Hi folks,
I have been exploring grid application description languages from various
sources and I found DAGMan to be the most promissing. However, I have a
few use cases for which I would appreciate some assistance in expressing
with DAGMan and ClassAd:
1. In a DAG input file, it seems that the name of the submit description
filenames given to jobs constitute a unique name when expressing
dependencies. That was a mouthfull, so here's an example:
# Filename: B.dag
JOB A A.condor DONE
JOB B B.condor
PARENT A CHILD B
So, my understanding is that job B will only run once all jobs
described by A.condor are completed. For example, lets say the
following submit files were enqueued:
1. A.condor
2. B.dag
3. A.condor
Then, would B.dag only run once #1 is completed or once all
submits matching A.condor are completed or is there something
I don't understand?
2. Is there a way to express either a submit description file or a DAG
input file so that an executable is run on each node in a cluster
only once? If not, must I enqueue a submit description file for
each node with something like:
requirements = other.hostname == 'foo'
And so forth for each host. (Note that "hostname" probably isn't
part of ClassAd, but I mean anything that uniquely identifies each
node in a cluster)
3. Would it be possible to remove a resource provider (a machine) from
a cluster but only once the current jobs have completed as well as
all the other dependent jobs as defined by the pending DAG input
files?

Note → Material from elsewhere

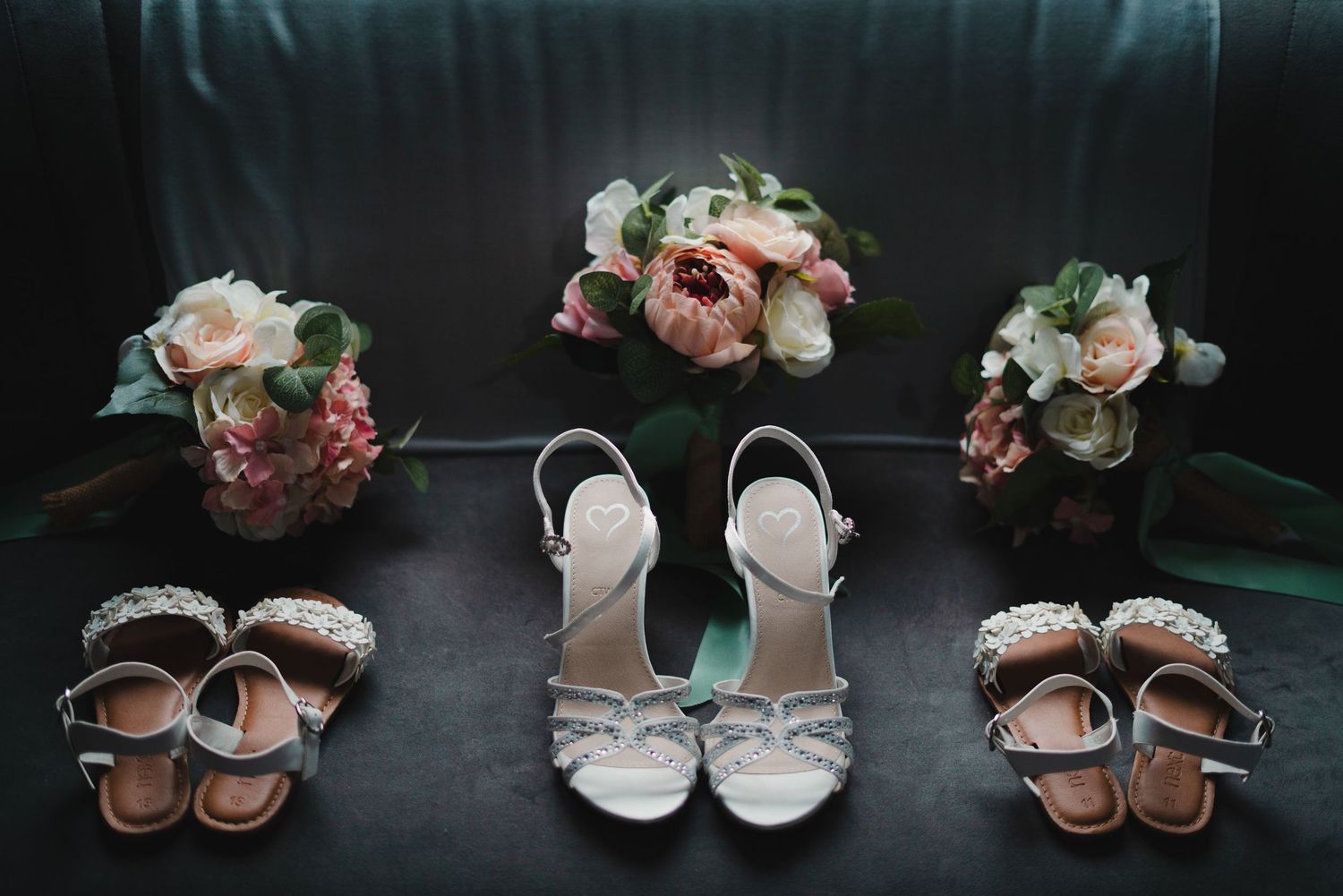 Collection of bridal shoes and sandals arranged with pink floral bouquets on dark background.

For example, here's an example:
# Filename: A.dag
JOB A A.condor
JOB B B.condor
PARENT A CHILD B
So, if a node is in the middle of running job A, I would like to be
notified somehow when job B has completed. However, I don't necessarily
want to hard code that I'm waiting for job B to complete, I would rather
express abstractly: tell me when the current jobs and dependents have
completed.
Thanks,
Marc
|